Blogs and Stories
A Mother-Son Book Bake-Off
Hyatt Bass wrote a novel, The Embers. Her 5-year-old son wrote a book from a kit, The Super-brothers. And when both books launched at once, chaos ensued in their home.
Up until a few months ago, our son Jasper spent his time like most of his pre-K peers: constructing rocket ships and submarines out of blocks, crates, and cardboard boxes, and “acting out” superhero and Star Wars movies he’d never actually seen. In fact, it should be said that for all his tough-guy bravado, he recently deemed both Mary Poppins and a TV episode of Hello Kitty “too scary” to watch. This is a great source of amusement to our friends, especially because my filmmaker husband recently wrote Shrek 4—the ultimate daddy-job, presumably, for the myriad of children out there who have watched the first three Shrek movies over and over, and would give anything to know what happens in the next. Jasper couldn’t care less.
When People magazine featured my novel, Jasper gazed at the photograph with confusion and dismay. “Oh!” he cried out. “That’s not fair! Why can’t my book be in the magazine?

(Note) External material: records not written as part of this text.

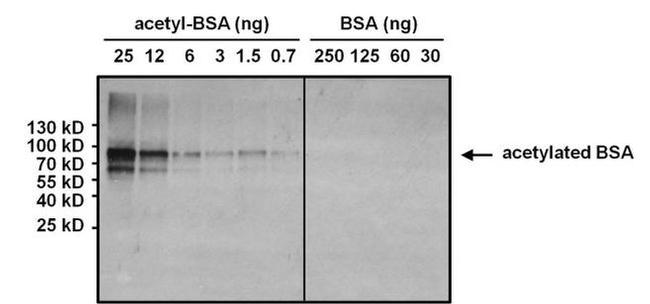 Acetylated Lysine Antibody in Western Blot (WB)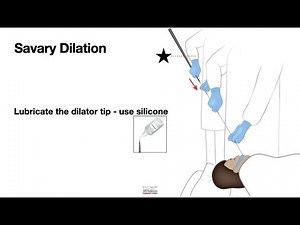 HCC 1475-38d-Bougie Dilator With Wire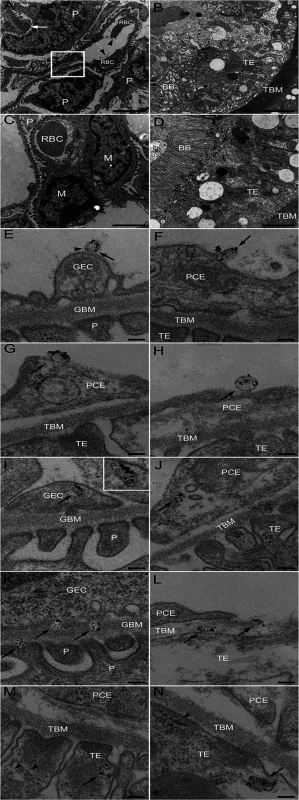 Ultramorphology of the renal cortex in mice infected with <i>E. coli</i> O157:H7.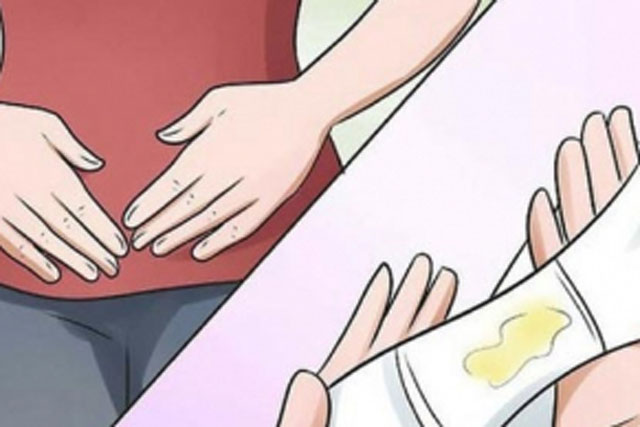 Quần lót ngày nào cũng giặt nhưng vẫn ố vàng, bác sĩ nói: 99% chị em mắc phải tật này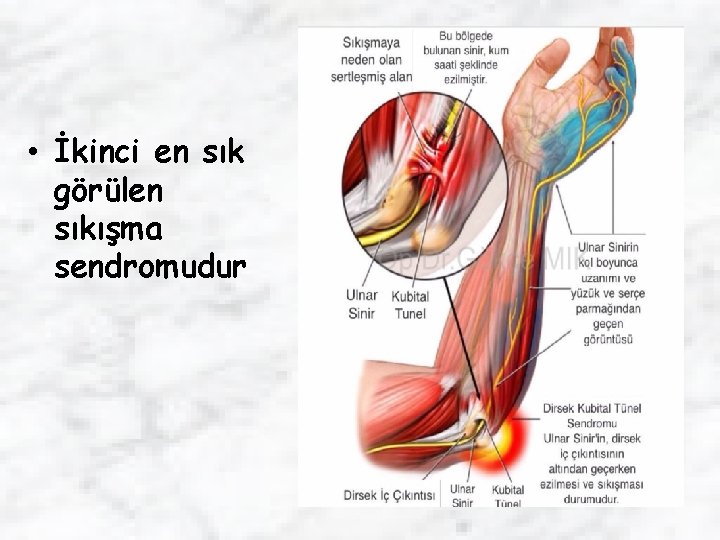  • İkinci en sık görülen sıkışma sendromudur 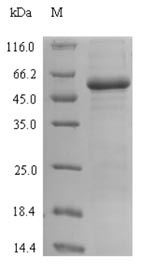 Recombinant Escherichia coli Lactose operon repressor(lacI)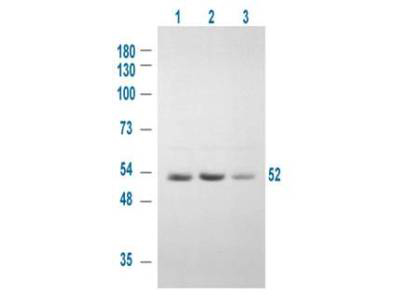 GSK3A / GSK3 Alpha Antibody - Anti-GSK3A Antibody - Western Blot. Western blot of Affinity Purified anti-GSK3A antibody shows detection of a 52 kD band corresponding to human GSK3A in various human derived 293T cell extracts. Cells were serum starved for 24 h. Lane 1: control, Lane 2: treated with IGF-1 (100 ng/ml) for 20 min, Lane 3: pre-treated with 10 uM LY294002 (selective PI3K inhibitor) and treated with IGF-1 (100 ng/ml) for 20 min. Lane 1 shows some baseline GSK3A reactivity that is intensified upon stimulation (lane2) and diminished when an inhibitor is added (lane 3). Approximately 20 ug of lysate was run on a SDS-PAGE and transferred onto nitrocellulose followed by reaction with a 1:1000 dilution of anti-GSK3A antibody. Signal was detected using standard techniques. Personal communication, Angela Carter, Experimental Therapeutics, Ontario Cancer Inst, Toronto, Canada.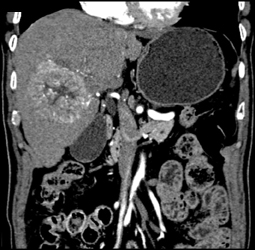 Hepatoma With Neovascularity - CTisus CT Scan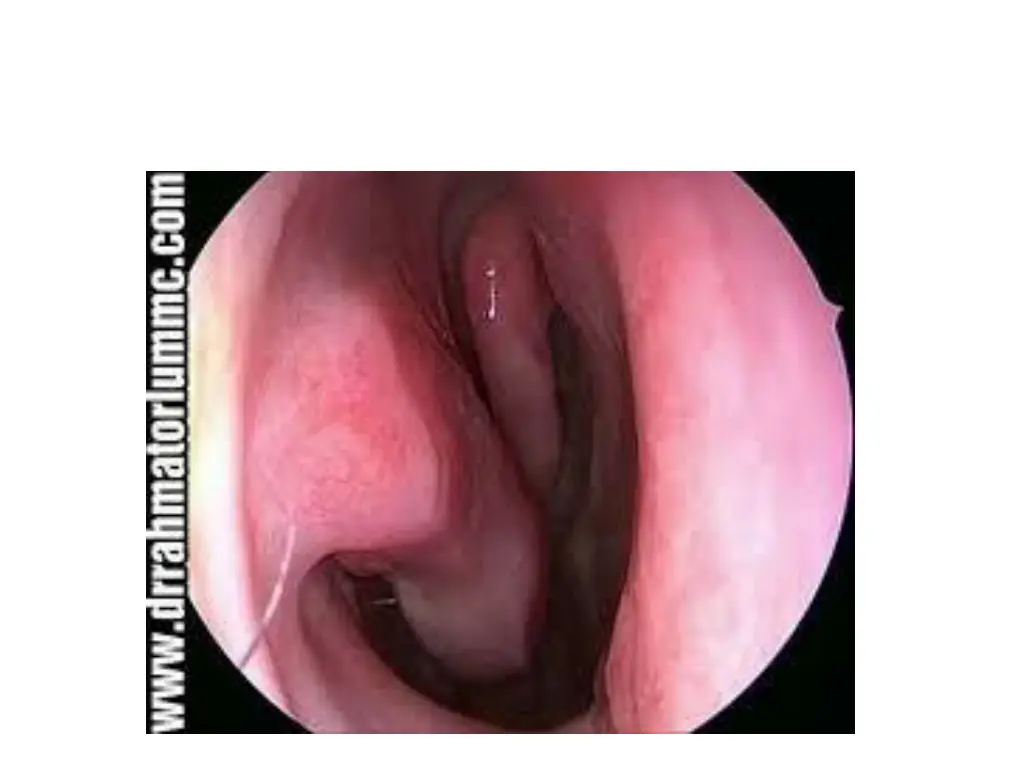 slide20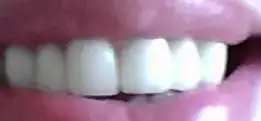 $diş4.webp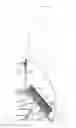 Fig. 01 - Force Transfer Harness and Method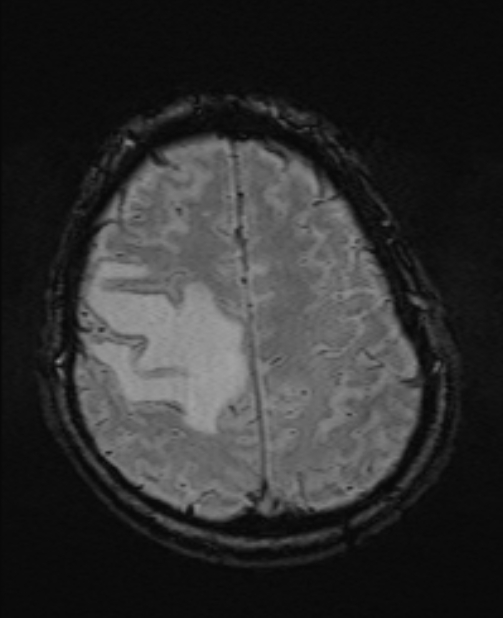 Brain metastases - lung cancer primary (Radiopaedia 75060-86115 Axial SWI 48).jpg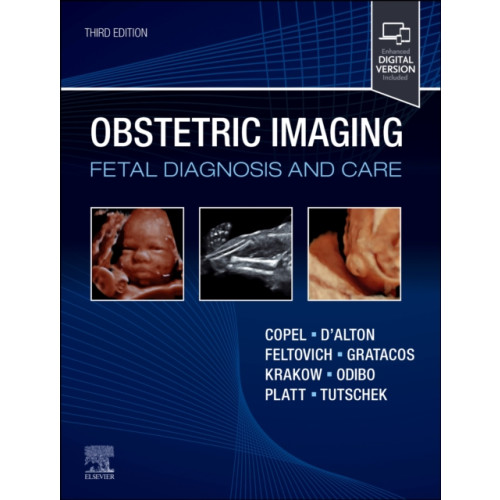 Elsevier - Health Sciences Division Obstetric Imaging: Fetal Diagnosis and Care (inbunden, eng)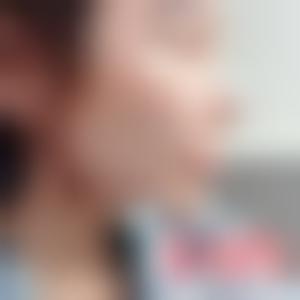 「北京嘉禾医疗美容王禹」怎么样?擅长|案例|价格表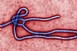Hazánkat nem veszélyezteti az Ebola-járvány Hazánkat nem veszélyezteti az Ebola-járvány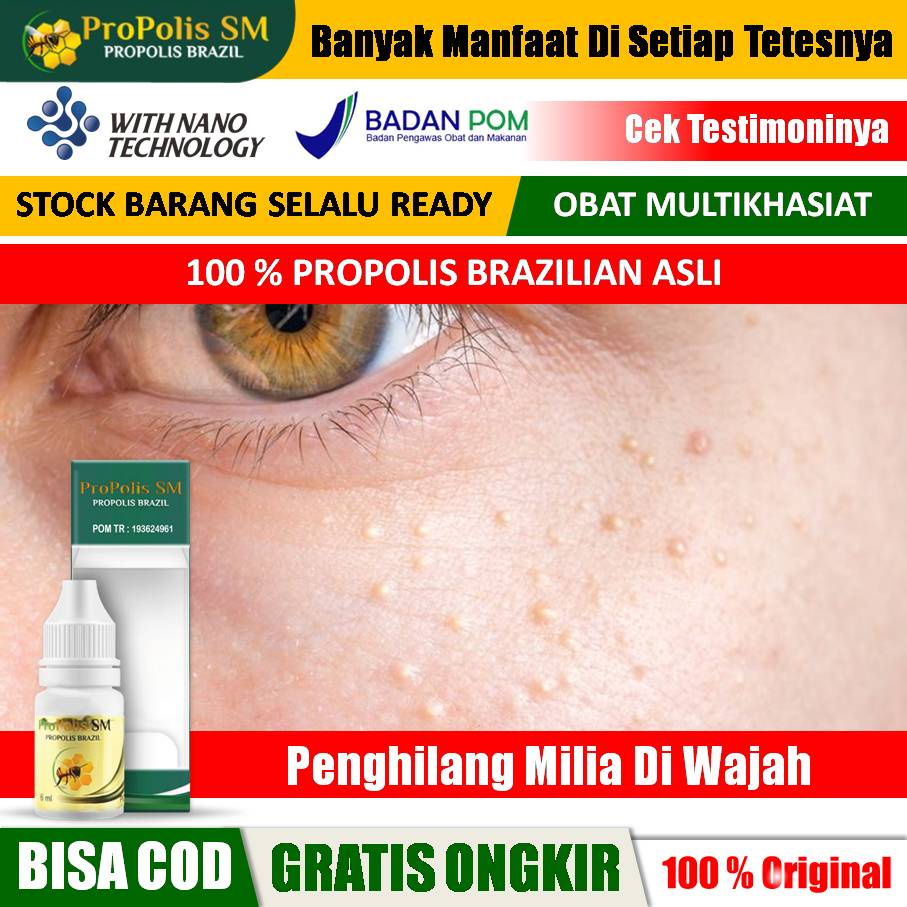 Obat Tetes Milia, Milia Di Wajah, Milia Di Jidat, Penghilang Milia Di Wajah, Bintik Bintik Di Bawah,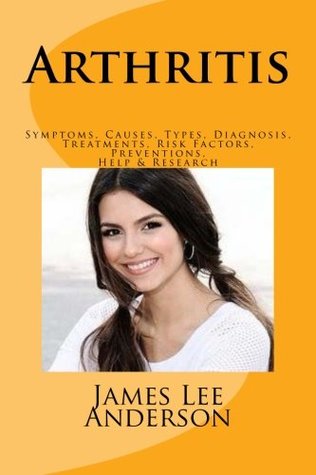 Full Download Arthritis: Symptoms, Causes, Types, Diagnosis, Treatments, Risk Factors, Preventions, Help & Research - James Lee Anderson | ePub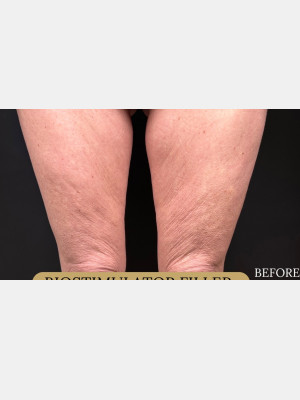 Before Image: Biostimulator Filler to legs, RN - front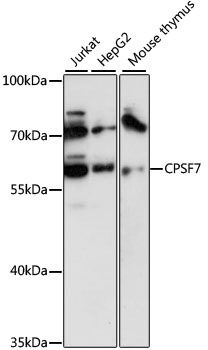 Western blot analysis of extracts of various cell lines using CPSF7 Polyclonal Antibody at 1:3000 dilution.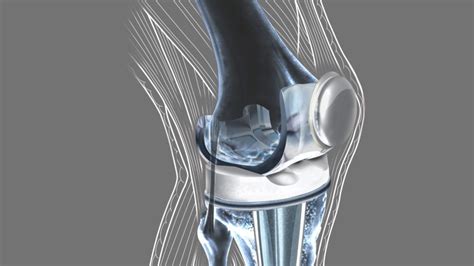 Components Of A Knee Prosthesis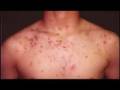 What is Acne?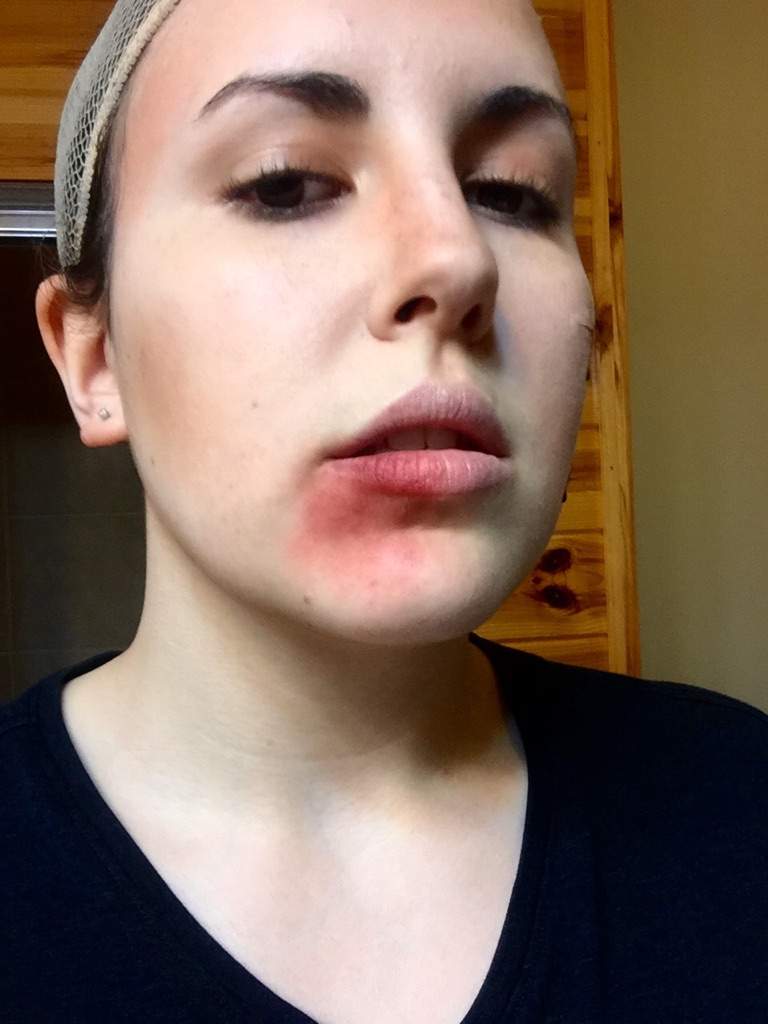 Makeup Bruises On Face - Mugeek Vidalondon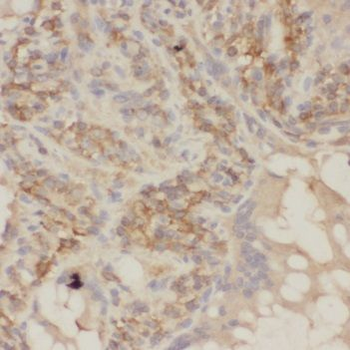 SHARPIN Antibody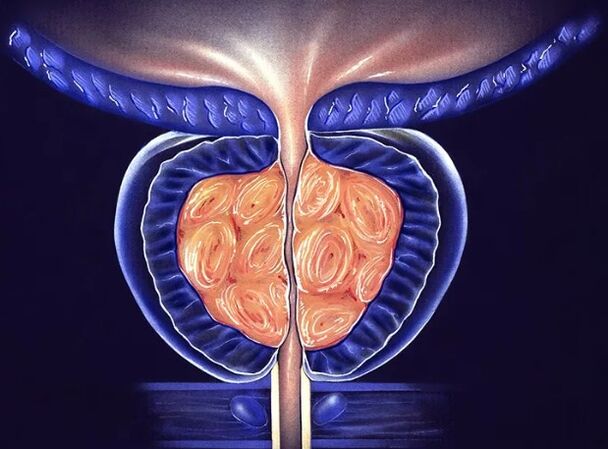 Chronische bacteriële prostatitis bij mannen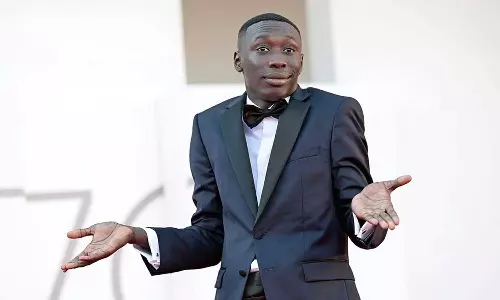 ഖാബി ലാമിന് വാഹനാപകടം? സോഷ്യൽ മീഡിയ താരത്തിന് സംഭവിച്ചത്?| Fact Check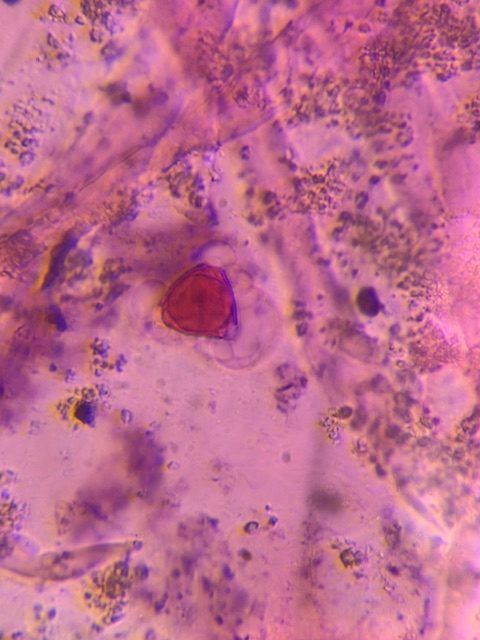 Eucalyptus pollen under a microscope, verified by PollyMap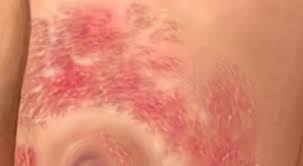 Image result for Inflammatory breast cancer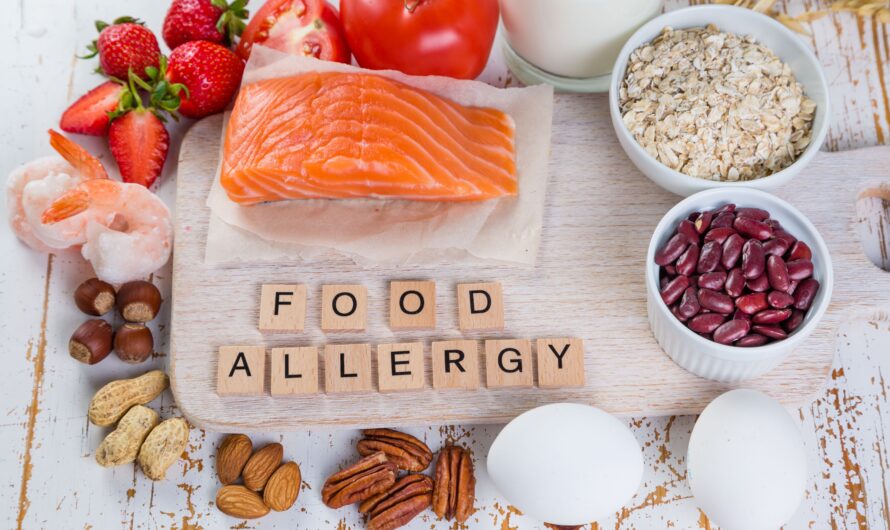 Rising Prevalence Of Food Allergies To Boost The Growth Of The Food Allergen Testing Market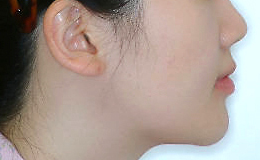 주걱턱 양악수술 병행 케이스 치료 후 (AFTER)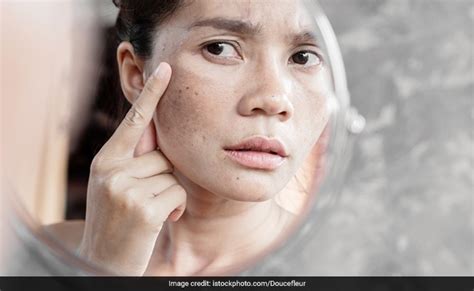 7 Home Remedies For Pigmentation Say No To Dark Spots And Yes To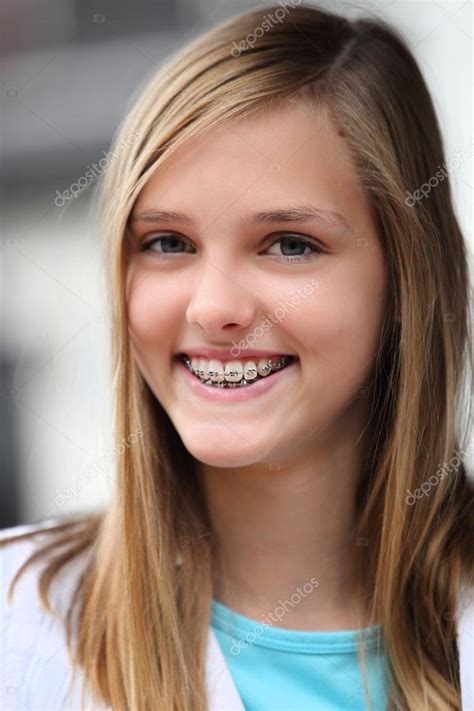 Young Caucasian Teen Girl Portrait With Dental Teeth Braces Stock Photo 054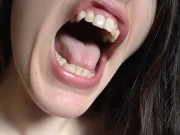 PIMPLE POPPING! Spontaneously Orgasming Crazy Camgirl PinkMoonLust Pops Pimples Face & Talks Orgasm 6/16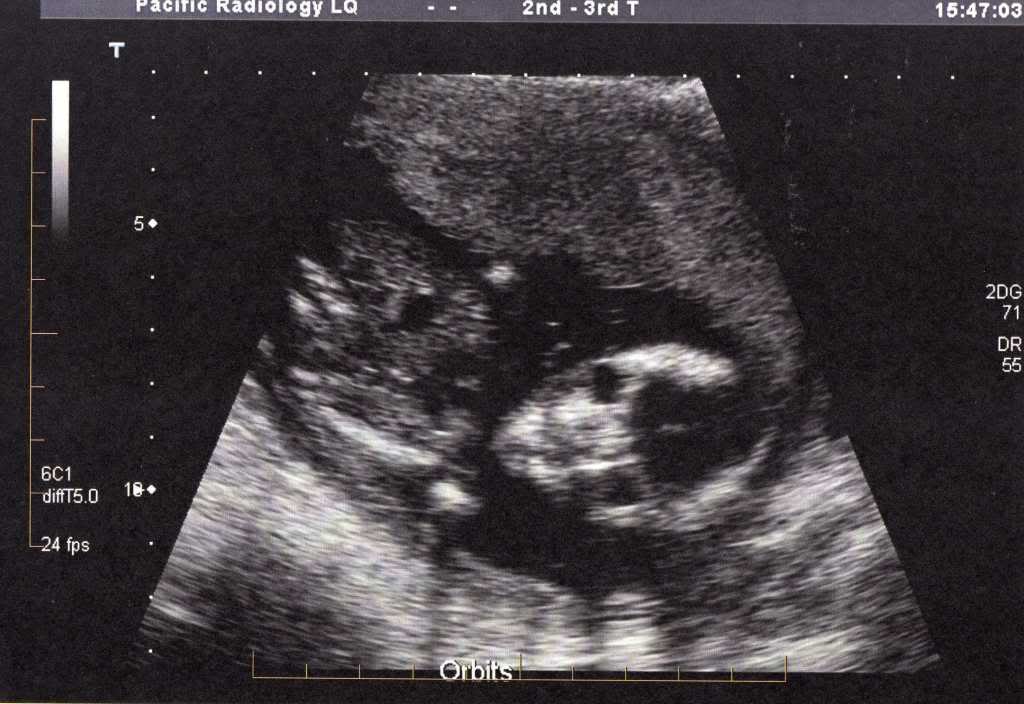 ZOMFG!!! I HAVE A SON OTW, LOOKIE~!!!!! Bubba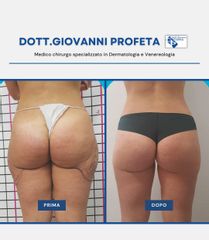 Liposuzione - Dott. Giovanni Profeta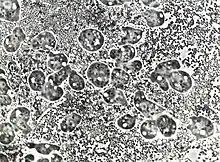 P. polycephalum amoebae growing on lawns of live E. coli. The bacterial cells are approx 1 micron in diameter, amoebae are approx 10 microns in diameter. Bright circular structures inside the amoebae are vacuoles, nuclei are pale grey circles each containing a darker nucleolus. (Phase contrast microscopy.)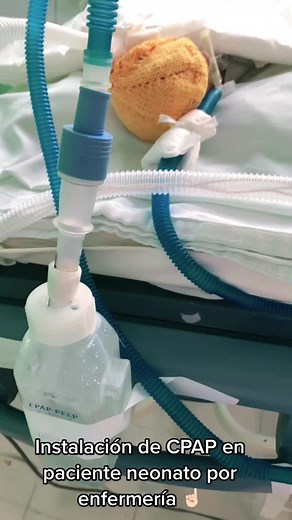 Instalacion de CPAP en neonato por ENFERMERIA❤️#enfermeria #viralvideo #signosvitales #cuidadoscriticopediatrico #ucip #estudiantedeenfermeria #estudiantedemedicina #viral #medicina #neonatologia #enfermerianeonatal #inhaloterapeutas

And so it is ironic that the particular havoc in our home at this very moment comes from Jasper’s sudden need to make his own film. But before the film, there was a book. Two books, actually. His and mine. Mine, a novel about a family, took seven years to write, and is being published this month. His, also about family in a sense, is the product of a make-your-own-book kit he got for Christmas—the perfect gift for a boy who asks us every night to make up a bedtime story, and then interrupts us to explain how the story should be different. On the box, there was a picture of a boy holding up a book with his own illustration, and the title and his name professionally typeset on a hard, red leather cover. Jasper and I dove in right away.
He decided his main characters would be two Super-brothers: Jasper and Hayden (his real-life younger brother), who have a favorite book about a magical forest. One day, they jump inside the book, where they discover that by pressing a magic button on a machine, they are able to get any kind of food they want, “hot dogs, spinach, ice cream, anything!” When the machine breaks down, and there is no food for anyone, the super-brothers come to the rescue with their incredible battery, which is “thirty hundred times powerful.”
After we’d mapped out his story together, Jasper faced the task of getting it down on the pages provided. I figured his interest might wane after the first page or two, but I couldn’t have been more wrong. Any afternoon that my own writing schedule allowed, he insisted on working on the book. I would take dictation, writing in the space provided, and would then pass him the paper so that he could draw a picture.
Several weeks later, we packed the finished manuscript into an envelope and mailed it off to the book kit’s “publisher.” What we got back had us jumping around the kitchen for nearly an hour: twenty beautifully bound copies of The Super-brothers by Jasper Bass-Klausner, with his cover drawing of two boys in red-and-black capes. At this point, my book was still in galley form. So, not only had he gotten to make a book like me, but his was even more real-looking than my own. For a boy bordering on age 5, what could have been better?